# Trying to replace mole phases blinders with LEDS



## ATLLITEPRO (Jul 21, 2013)

The company I work for is looking to replace their mole lights with LEDS pretty soon. Does any body have any ides who to go about this using LED fixtures?


----------



## BBQ (Nov 16, 2010)

Are you asking about concert lighting?


----------



## FastFokker (Sep 18, 2012)

You mean like the ones they used in this music video?


----------



## ATLLITEPRO (Jul 21, 2013)

BBQ said:


> Are you asking about concert lighting?


Yes I just did a concert with yes and they used two downstage right and left its ussually used when the performers says is everybody having a good?and as the crowd screams they light ul.i aldi heard thst these are the same lamps that they use to land aircrafts.


----------



## BBQ (Nov 16, 2010)

ATLLITEPRO said:


> Yes I just did a concert with yes and they used two downstage right and left its ussually used when the performers says is everybody having a good?and as the crowd screams they light ul.

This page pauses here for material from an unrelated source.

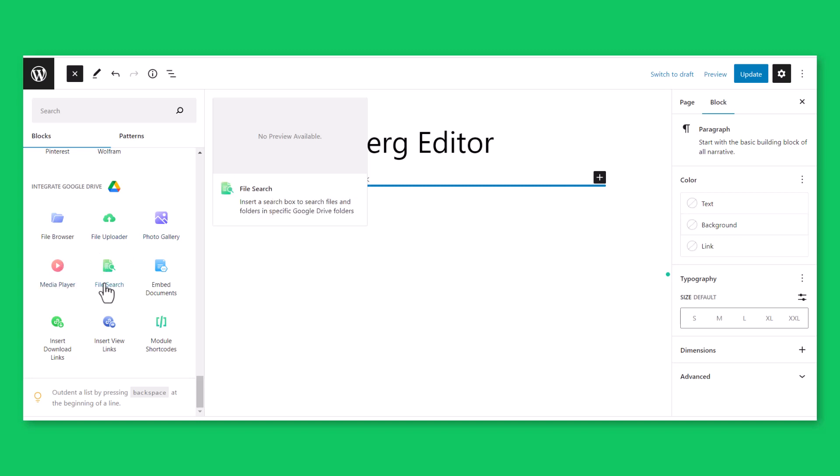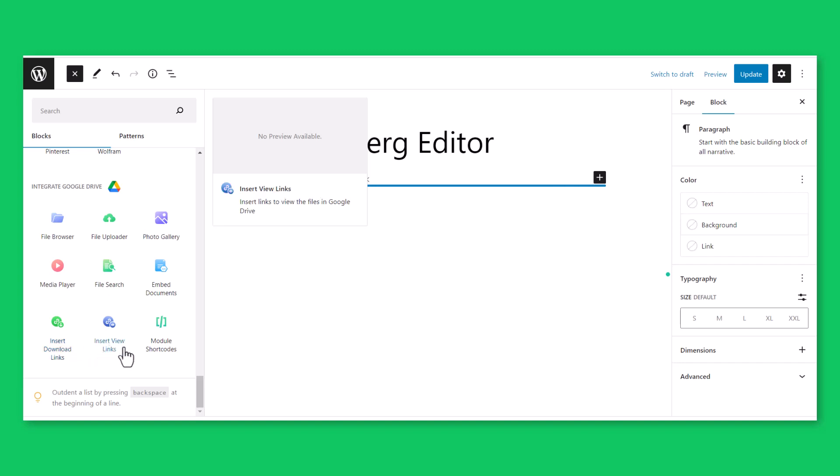File Search Module to insert file search box, Embed Documents Module to embed documents in any page or post, Insert Download Links Module to insert link download option for users, Insert View Links Module to insert file view links, Module Shortcodes to insert any pre-built module shortcode.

In that case I would say you are at the wrong forum.

Lighting design here is about homes, offices, schools etc, not entertainment lighting rigs.



> i aldi heard thst these are the same lamps that they use to land aircrafts.


Actually they are the lamps used on aircraft like headlights 

They are 24 volts and are put together in series so you can run them at 120 volts. 

But modern shows are using LEDs for them now


----------



## BBQ (Nov 16, 2010)

Sorry, 28 volts. 

http://www.bulbamerica.com/osram-sy...r:adType=pla&gclid=CI3e_K29wrgCFdCY4AodXn4AdQ


----------



## ATLLITEPRO (Jul 21, 2013)

BBQ said:


> Are you asking about concert lighting?


Yes about concert lighting


----------